To address these challenges, the MIT researchers designed an architecture dubbed Heterogeneous Pretrained Transformers (HPT), which integrates data from these various sources and modalities. At its core, HPT employs a machine-learning model known as a transformer—a central component in large language models. In this architecture, sensory data from vision and proprioceptive sources (feedback related to body position and motion) are aligned into a common input format, or “token,” that the transformer can process. As each input is represented by a consistent number of tokens, the transformer unifies the data into a shared processing space, ultimately evolving into a massive pretrained model as it ingests more information.
Importantly, users only need to supply HPT with minimal information regarding their robot’s design and the specific tasks to be accomplished. The transformer then transfers the knowledge gained from its pretraining phase to quickly adapt to new tasks.

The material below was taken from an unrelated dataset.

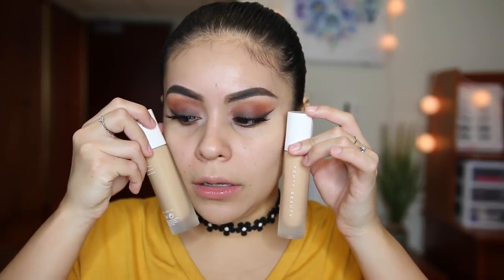This is the Soft Matte Longwear Foundation and I got it in shade 220 and 290. I don't know if this is going to match me. I've seen a couple of videos and a lot of people say the foundation actually goes a little darker. If it doesn't match me, I could always exchange it. I definitely don't know what I was thinking with 290, to be honest, because I'm not very tan at all. Love the packaging, very nice. I'm going to just start with 220. I did about three pumps. It is very runny — it's like running on the back of my hand.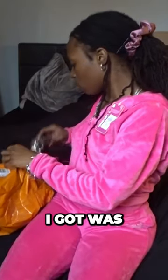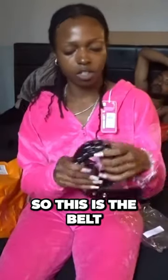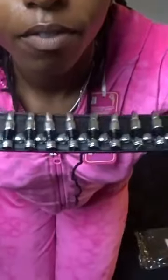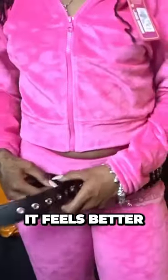The next thing I got was this bullet belt. So this is the belt. I will say the belt does feel like really good quality. It feels better.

One of the key hurdles in developing HPT was the compilation of a comprehensive dataset for pretraining. This dataset included 52 distinct datasets with over 200,000 robot trajectories, which spanned categories like human demonstration videos and computer simulations. Additionally, the researchers devised a method to convert raw proprioceptive signals from an array of sensors into a format suitable for transformer processing.
“Proprioception is vital for enabling intricate motions,” Wang elaborates, “and because the number of tokens remains constant, we attribute equal importance to both proprioception and visual data.” Evaluation of HPT revealed a significant enhancement in robot performance—exceeding 20 percent improvement—compared to traditional training approaches, even in scenarios where the tasks deviated considerably from the pretraining data.
David Held, an associate professor at Carnegie Mellon University’s Robotics Institute, who was not involved in this research, acknowledged the significance of this work, stating, “This paper introduces a novel strategy for training a single policy across multiple robot variations. It facilitates scaling up diverse datasets for robotic learning while allowing rapid adaptation to new robot designs.”
Moving forward, the MIT team aims to investigate how increased data diversity can enhance HPT’s performance further. They also aspire to improve HPT’s capabilities to process unlabeled data in a manner akin to GPT-4 and other large language models. Wang asserts, “Our ultimate goal is to develop a universal robot brain that users can download for their robots without any prior training. We are just beginning, but we anticipate that scaling our approach will lead to breakthroughs in robotic policies similar to those seen in language models.”
The research, partially funded by initiatives from Amazon and the Toyota Research Institute, has promising implications for the future of robotics, suggesting a path toward more adaptable and capable robotic systems.